## AIM OF THE EXERCISE
What is needed here is an exact copy of every entry.

*** MATERIAL FOR THIS EXERCISE Section Begins ***

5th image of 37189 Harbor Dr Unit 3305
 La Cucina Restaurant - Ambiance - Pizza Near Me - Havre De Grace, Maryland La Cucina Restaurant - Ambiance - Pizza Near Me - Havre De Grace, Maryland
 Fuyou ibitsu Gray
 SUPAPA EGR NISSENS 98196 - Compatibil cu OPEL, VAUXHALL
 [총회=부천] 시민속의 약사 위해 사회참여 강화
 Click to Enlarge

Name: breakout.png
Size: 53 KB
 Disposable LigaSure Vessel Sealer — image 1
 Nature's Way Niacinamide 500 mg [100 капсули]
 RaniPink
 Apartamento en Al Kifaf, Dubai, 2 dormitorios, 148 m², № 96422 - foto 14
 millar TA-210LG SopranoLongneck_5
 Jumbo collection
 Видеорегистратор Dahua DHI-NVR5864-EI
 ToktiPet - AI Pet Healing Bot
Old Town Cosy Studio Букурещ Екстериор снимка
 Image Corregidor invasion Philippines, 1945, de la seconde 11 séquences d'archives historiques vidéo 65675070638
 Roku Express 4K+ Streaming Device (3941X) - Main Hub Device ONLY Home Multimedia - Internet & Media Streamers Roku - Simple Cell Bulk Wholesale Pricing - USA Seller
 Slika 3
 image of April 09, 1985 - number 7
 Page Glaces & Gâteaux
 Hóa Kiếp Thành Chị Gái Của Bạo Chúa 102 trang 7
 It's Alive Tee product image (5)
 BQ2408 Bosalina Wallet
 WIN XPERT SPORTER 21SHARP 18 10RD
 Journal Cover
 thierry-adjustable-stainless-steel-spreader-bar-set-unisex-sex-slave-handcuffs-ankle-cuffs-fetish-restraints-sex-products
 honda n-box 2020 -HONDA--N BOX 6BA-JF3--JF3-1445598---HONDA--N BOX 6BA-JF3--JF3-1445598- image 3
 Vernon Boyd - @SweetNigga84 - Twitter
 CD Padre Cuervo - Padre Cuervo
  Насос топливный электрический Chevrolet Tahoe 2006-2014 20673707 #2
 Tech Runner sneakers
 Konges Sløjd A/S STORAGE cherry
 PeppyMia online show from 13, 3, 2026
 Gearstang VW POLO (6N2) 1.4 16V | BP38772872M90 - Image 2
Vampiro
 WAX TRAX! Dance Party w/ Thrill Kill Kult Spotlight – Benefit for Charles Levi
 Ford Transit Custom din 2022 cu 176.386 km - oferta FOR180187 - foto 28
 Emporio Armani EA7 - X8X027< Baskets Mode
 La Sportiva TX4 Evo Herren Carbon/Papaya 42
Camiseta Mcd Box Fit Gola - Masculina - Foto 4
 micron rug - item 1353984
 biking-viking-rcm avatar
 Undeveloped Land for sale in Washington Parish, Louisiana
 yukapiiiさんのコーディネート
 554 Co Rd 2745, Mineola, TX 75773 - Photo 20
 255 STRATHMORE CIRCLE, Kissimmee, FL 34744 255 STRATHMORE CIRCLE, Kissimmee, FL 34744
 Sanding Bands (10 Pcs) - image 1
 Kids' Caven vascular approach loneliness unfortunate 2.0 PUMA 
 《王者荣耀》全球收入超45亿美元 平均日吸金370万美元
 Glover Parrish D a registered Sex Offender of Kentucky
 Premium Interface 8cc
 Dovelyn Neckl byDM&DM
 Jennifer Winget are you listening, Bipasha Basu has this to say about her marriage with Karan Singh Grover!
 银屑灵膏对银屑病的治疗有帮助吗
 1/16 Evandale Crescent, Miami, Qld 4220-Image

*** MATERIAL FOR THIS EXERCISE Section Ends ***

## RESPONSE BOX
5th image of 37189 Harbor Dr Unit 3305
 La Cucina Restaurant - Ambiance - Pizza Near Me - Havre De Grace, Maryland La Cucina Restaurant - Ambiance - Pizza Near Me - Havre De Grace, Maryland
 Fuyou ibitsu Gray
 SUPAPA EGR NISSENS 98196 - Compatibil cu OPEL, VAUXHALL
 [총회=부천] 시민속의 약사 위해 사회참여 강화
 Click to Enlarge

Name: breakout.png
Size: 53 KB
 Disposable LigaSure Vessel Sealer — image 1
 Nature's Way Niacinamide 500 mg [100 капсули]
 RaniPink
 Apartamento en Al Kifaf, Dubai, 2 dormitorios, 148 m², № 96422 - foto 14
 millar TA-210LG SopranoLongneck_5
 Jumbo collection
 Видеорегистратор Dahua DHI-NVR5864-EI
 ToktiPet - AI Pet Healing Bot
Old Town Cosy Studio Букурещ Екстериор снимка
 Image Corregidor invasion Philippines, 1945, de la seconde 11 séquences d'archives historiques vidéo 65675070638
 Roku Express 4K+ Streaming Device (3941X) - Main Hub Device ONLY Home Multimedia - Internet & Media Streamers Roku - Simple Cell Bulk Wholesale Pricing - USA Seller
 Slika 3
 image of April 09, 1985 - number 7
 Page Glaces & Gâteaux
 Hóa Kiếp Thành Chị Gái Của Bạo Chúa 102 trang 7
 It's Alive Tee product image (5)
 BQ2408 Bosalina Wallet
 WIN XPERT SPORTER 21SHARP 18 10RD
 Journal Cover
 thierry-adjustable-stainless-steel-spreader-bar-set-unisex-sex-slave-handcuffs-ankle-cuffs-fetish-restraints-sex-products
 honda n-box 2020 -HONDA--N BOX 6BA-JF3--JF3-1445598---HONDA--N BOX 6BA-JF3--JF3-1445598- image 3
 Vernon Boyd - @SweetNigga84 - Twitter
 CD Padre Cuervo - Padre Cuervo
  Насос топливный электрический Chevrolet Tahoe 2006-2014 20673707 #2
 Tech Runner sneakers
 Konges Sløjd A/S STORAGE cherry
 PeppyMia online show from 13, 3, 2026
 Gearstang VW POLO (6N2) 1.4 16V | BP38772872M90 - Image 2
Vampiro
 WAX TRAX! Dance Party w/ Thrill Kill Kult Spotlight – Benefit for Charles Levi
 Ford Transit Custom din 2022 cu 176.386 km - oferta FOR180187 - foto 28
 Emporio Armani EA7 - X8X027< Baskets Mode
 La Sportiva TX4 Evo Herren Carbon/Papaya 42
Camiseta Mcd Box Fit Gola - Masculina - Foto 4
 micron rug - item 1353984
 biking-viking-rcm avatar
 Undeveloped Land for sale in Washington Parish, Louisiana
 yukapiiiさんのコーディネート
 554 Co Rd 2745, Mineola, TX 75773 - Photo 20
 255 STRATHMORE CIRCLE, Kissimmee, FL 34744 255 STRATHMORE CIRCLE, Kissimmee, FL 34744
 Sanding Bands (10 Pcs) - image 1
 Kids' Caven vascular approach loneliness unfortunate 2.0 PUMA 
 《王者荣耀》全球收入超45亿美元 平均日吸金370万美元
 Glover Parrish D a registered Sex Offender of Kentucky
 Premium Interface 8cc
 Dovelyn Neckl byDM&DM
 Jennifer Winget are you listening, Bipasha Basu has this to say about her marriage with Karan Singh Grover!
 银屑灵膏对银屑病的治疗有帮助吗
 1/16 Evandale Crescent, Miami, Qld 4220-Image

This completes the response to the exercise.